Commercial Alert filed its complaint last July, claiming that a lack of disclosure about paid content integrated into search results constituted "deceptive advertising," something the FTC regulates against. The group, backed by consumer advocate Ralph Nader, sees the FTC's action as a victory, it said.
"We thank the FTC for their investigation and effort to protect citizens from sleazy search engines," said Gary Ruskin, executive director of Commercial Alert.
In the year since the complaint was filed, several search engines have made improvements that even Ruskin recognizes. However, there is still more that need to be done, he said.
"Practices have gotten somewhat better since I filed the complaint. But, some search engines have a long way to go," Ruskin said.
I've not yet queried the major search engines about their reaction to the FTC letter. Moreover, I'm going to wait a bit before doing so. I'd prefer to let the search engines have time to actually read what the FTC is recommending. This should provide more thoughtful answers about how they see themselves measuring up and any actions they plan to take. I'll then provide these responses in a follow-up to this article.
A Reuters article listed below does provide some preliminary reaction from search engines. Comments are as you might expect.

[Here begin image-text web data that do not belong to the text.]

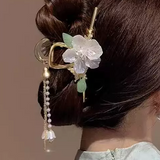 Hair Accessories (160) White Floral Flowers Hair Claw Hairclip with Bud Tassel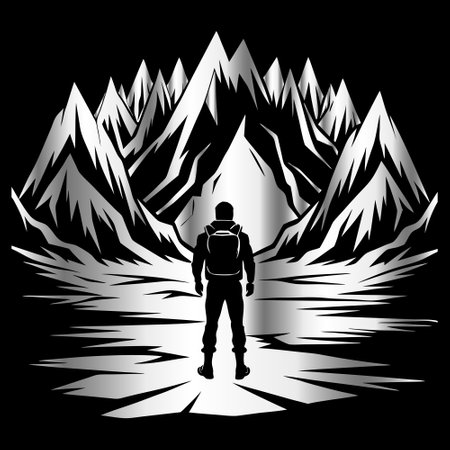 Hiker in the mountains on a black background. Vector illustration.のイラスト素材
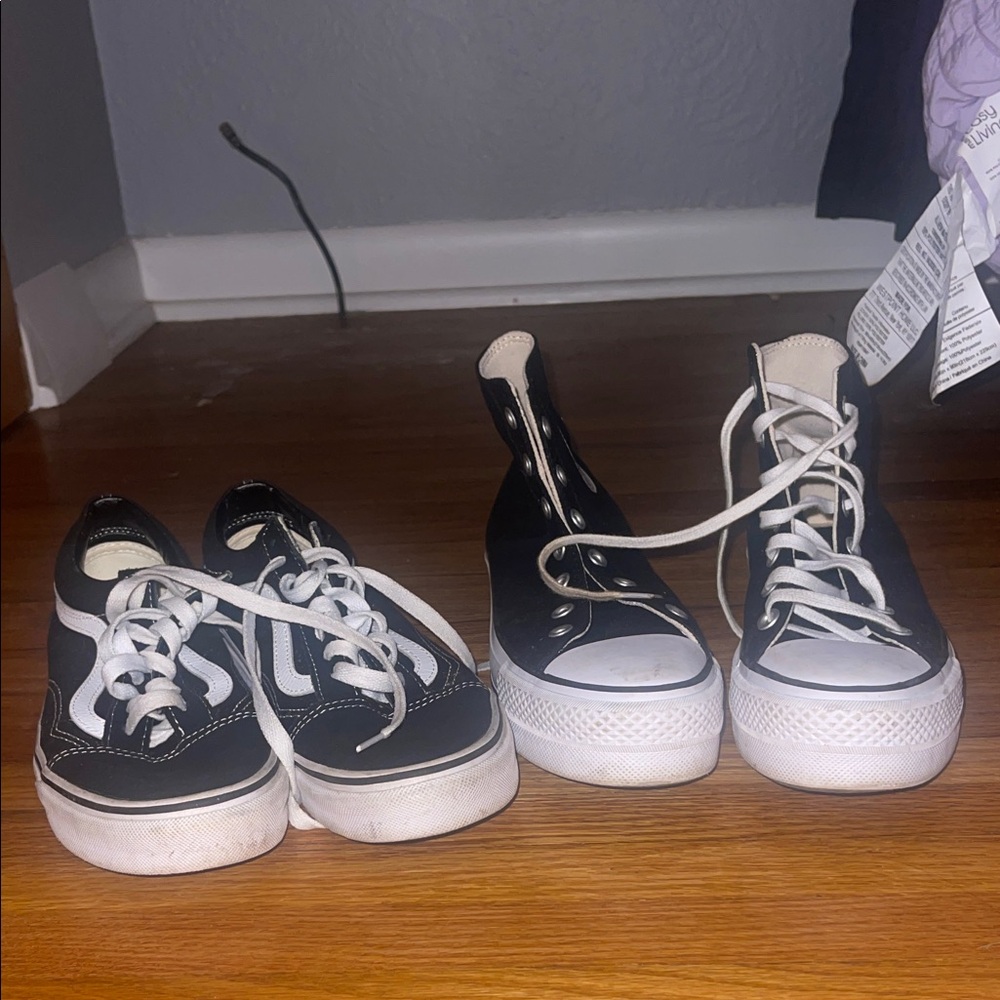 Vans size 8 
Converse size 7 
Hardly worn - converse will need new shoelace.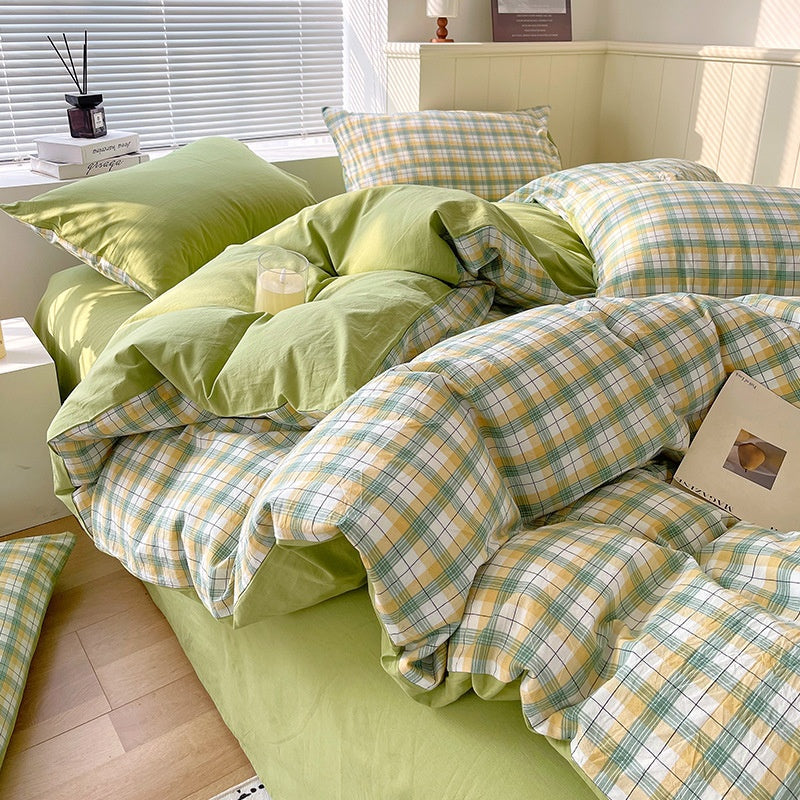 Cotton Dyed Washed Cotton Bedding Set Pure Cotton A Class Flat Sheet Quilt Cover Fitted Sheet Quilt Cover Three-Piece Set Striped - Korvel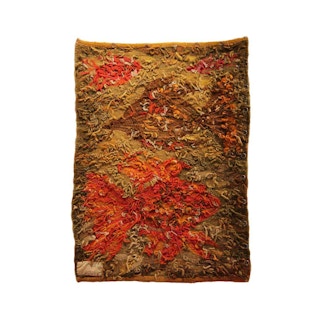 "Ryby W Sieci" Orange and Red Toned Abstract Fishes Gobelin Polski Tapestry 1970s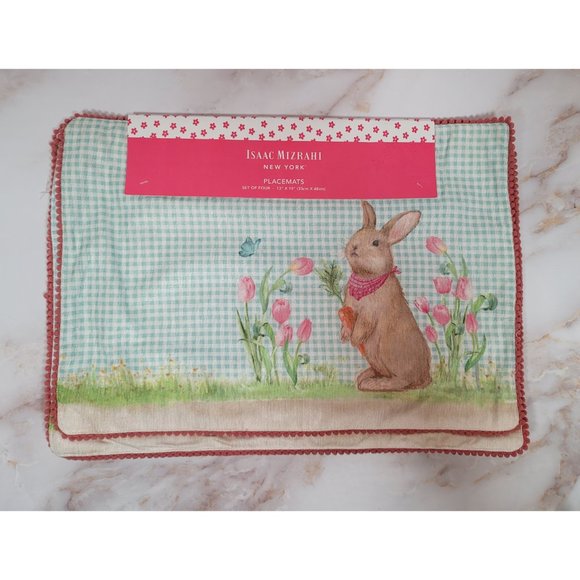 NEW Isaac Mizrahi Bunny Easter Placemats Set of 4 - Picture 1 of 5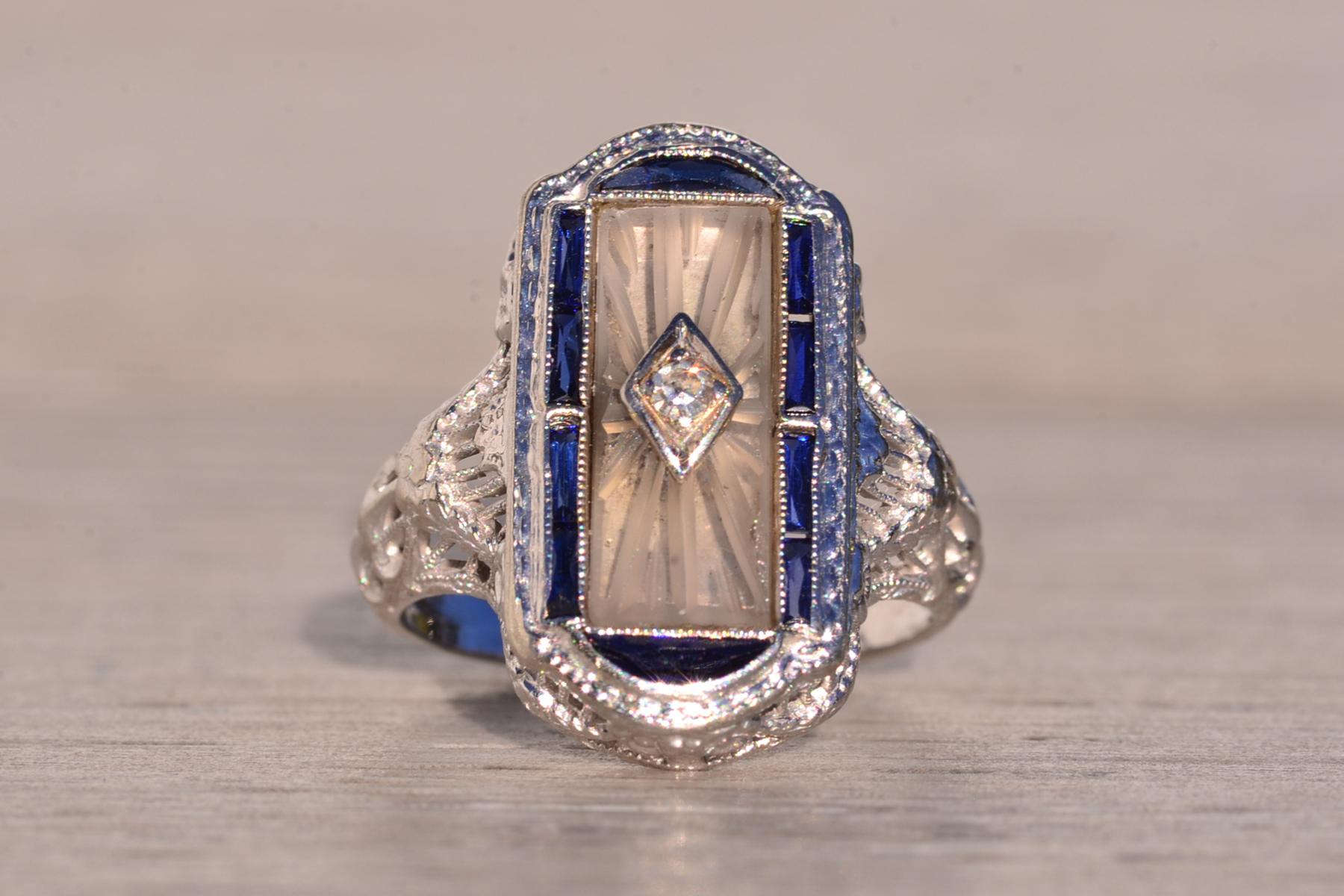 The 186th Avenue: Camphor Glass and Baguette Cut Sapphire Filigree Ring in White Gold - Image 7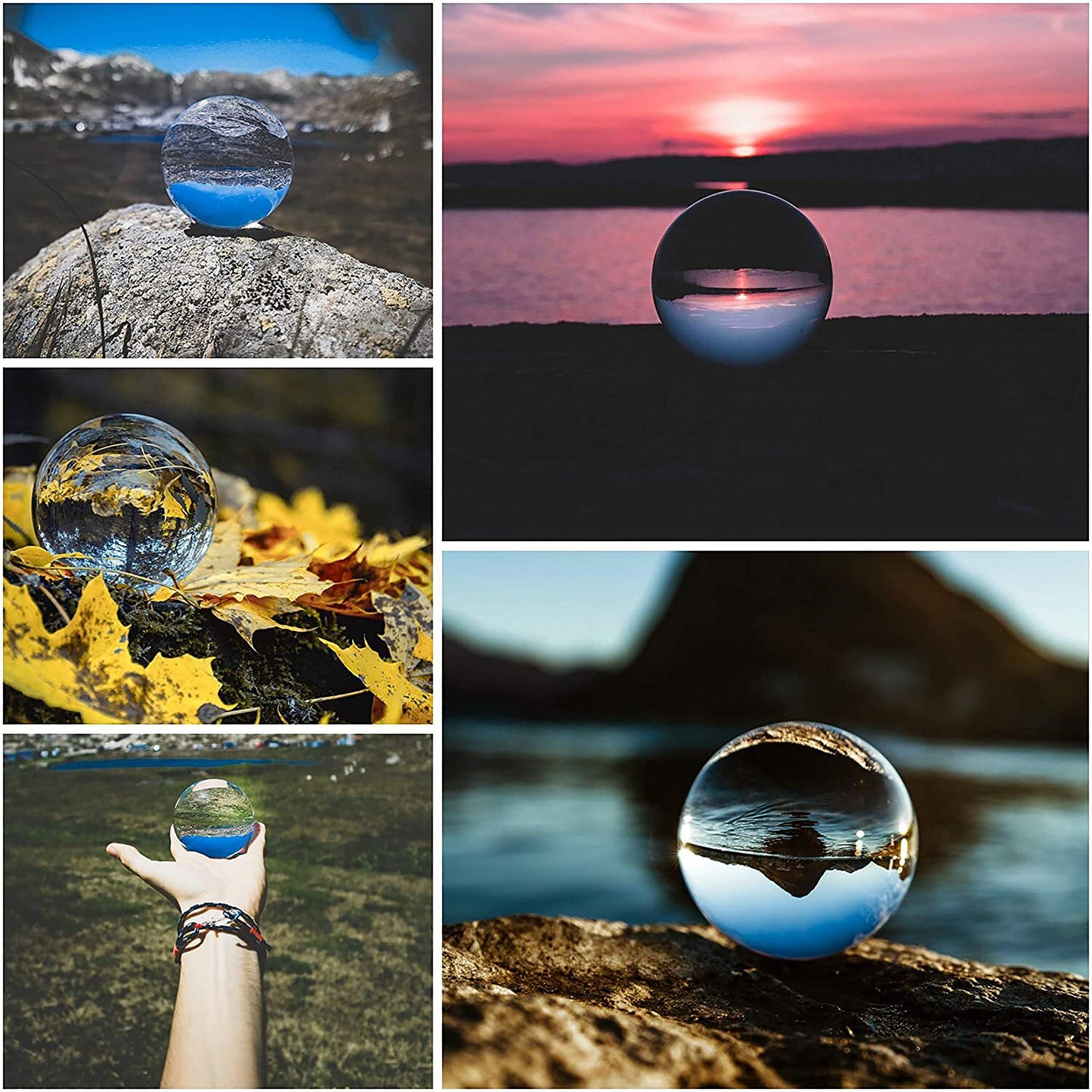 BELLE VOUS K9 Glaskugel 80mm - 8cm Fotokugel mit Kristall Ständer, Samt Tasche, Mikrofasertuch, Geschenkbox – Klare Kristallkugel Lensball für Fotografie – Glas Kugel Wahrsager & Meditation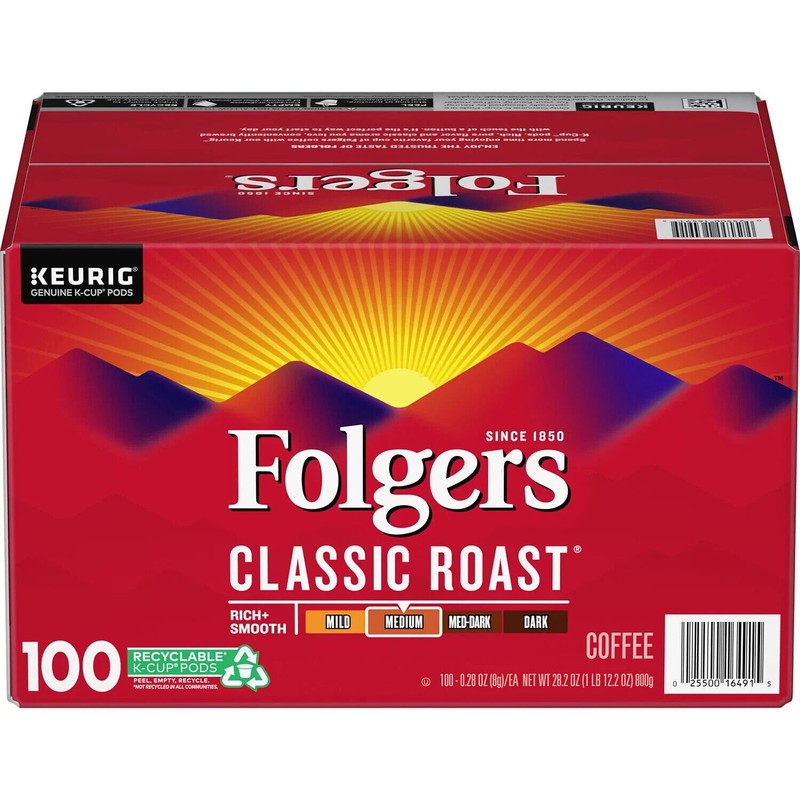 Folgers Classic Medium Roast K-Cup Coffee Pods (100 ct.) Great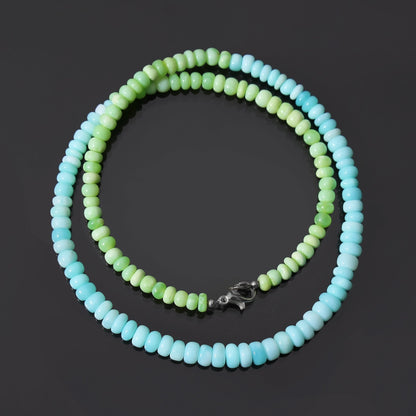 Beautiful  Green Opal & Blue Peruvian Opal Beaded Necklace ,Smooth Rondelle Beaded Necklace GemsRush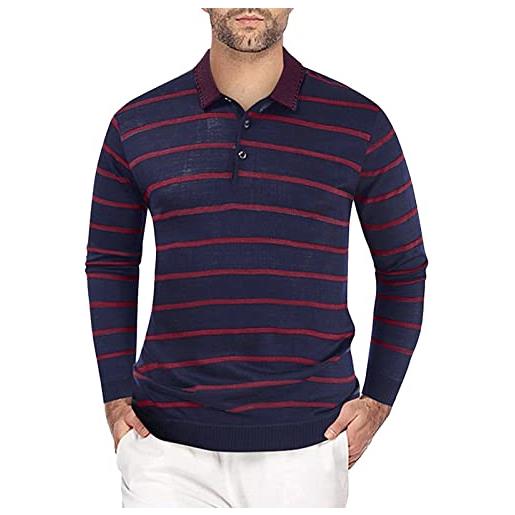 Innerternet maglione da uomo in 100% lana merino, a collo alto, a maglia fine, comoda e morbida, colore: rosso, xxxl
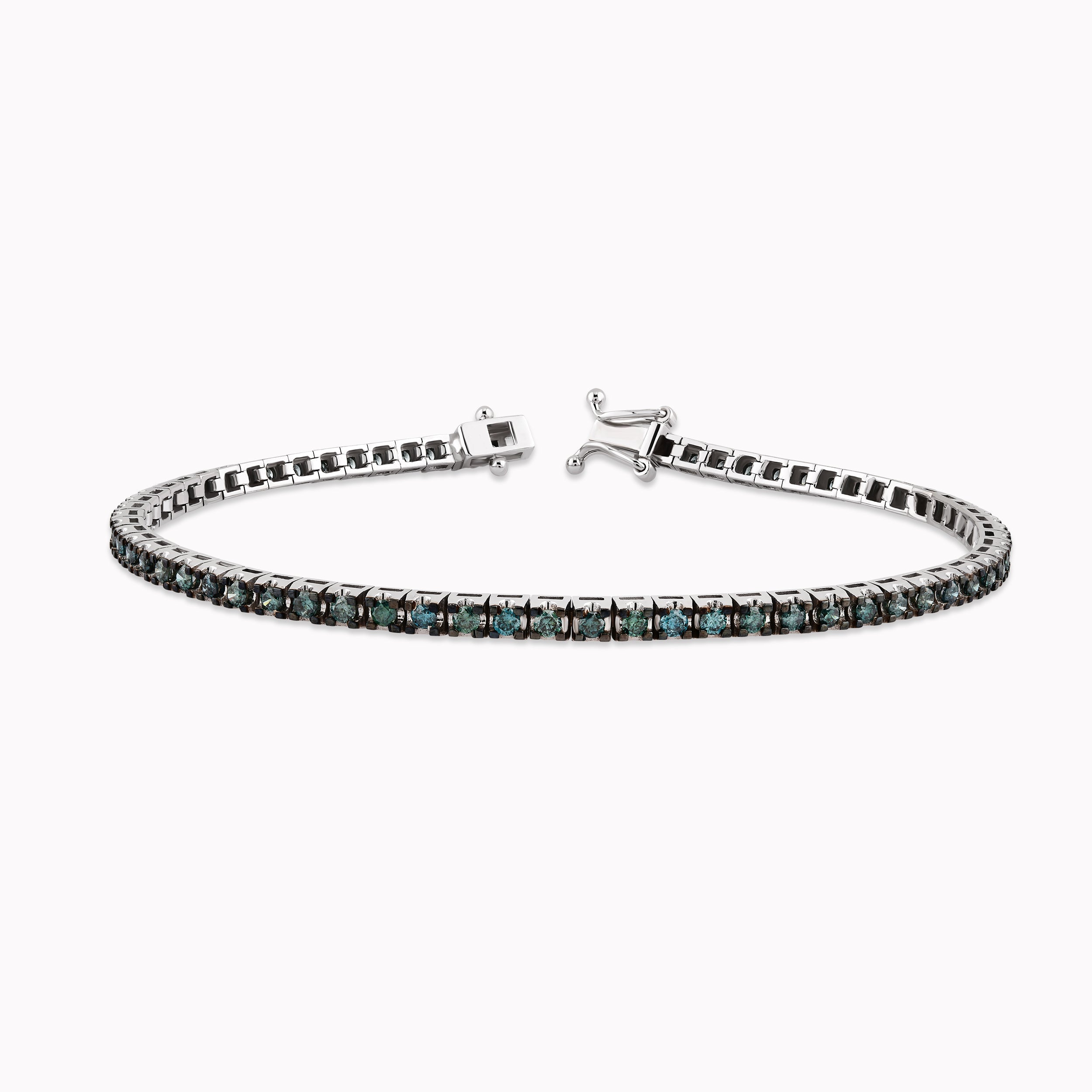 White Gold 14K Tennis Bracelet with Blue Diamonds 1.81ct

Search engines cited say they aren't misleading with paid content but will still review and take seriously the FTC recommendations.
Claims about being in compliance with FTC's guidance don't hold up in a Search Engine Watch survey of paid content conducted last Friday, when the FTC letter was released. Only Google, among all the major search engines, was found to be providing the "clear and conspicuous" disclosure that the FTC recommends.
A sidebar article, Paid Content Disclosure Ratings, explains this in more detail. However, the main failing point for all the other major search engines revolves around the issue of "paid inclusion," where they accept money to list web sites but don't guarantee placement. We'll explore what the FTC thinks about this particular aspect of paid content further below, as well as "paid placement," where listings are guaranteed to rank highly for particular terms.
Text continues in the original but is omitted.